* _Exercise requirements_
Look for the line that has "Chinchilla Böckchen Jungtier" in the material below; please repeat it and every line after it, exactly, up to and including the line that has "Wspinaczka Róża Elfa", and nothing else.

* _Data to examine_
╔══

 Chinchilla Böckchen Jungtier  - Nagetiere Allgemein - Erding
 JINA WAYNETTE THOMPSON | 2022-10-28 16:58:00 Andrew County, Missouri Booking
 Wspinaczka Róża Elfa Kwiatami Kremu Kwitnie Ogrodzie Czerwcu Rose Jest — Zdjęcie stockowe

╚══
╔══

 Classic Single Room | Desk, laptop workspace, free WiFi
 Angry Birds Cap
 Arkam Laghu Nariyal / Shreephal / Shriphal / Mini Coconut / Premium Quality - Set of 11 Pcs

╚══

* _Your solution_
 Chinchilla Böckchen Jungtier  - Nagetiere Allgemein - Erding
 JINA WAYNETTE THOMPSON | 2022-10-28 16:58:00 Andrew County, Missouri Booking
 Wspinaczka Róża Elfa Kwiatami Kremu Kwitnie Ogrodzie Czerwcu Rose Jest — Zdjęcie stockowe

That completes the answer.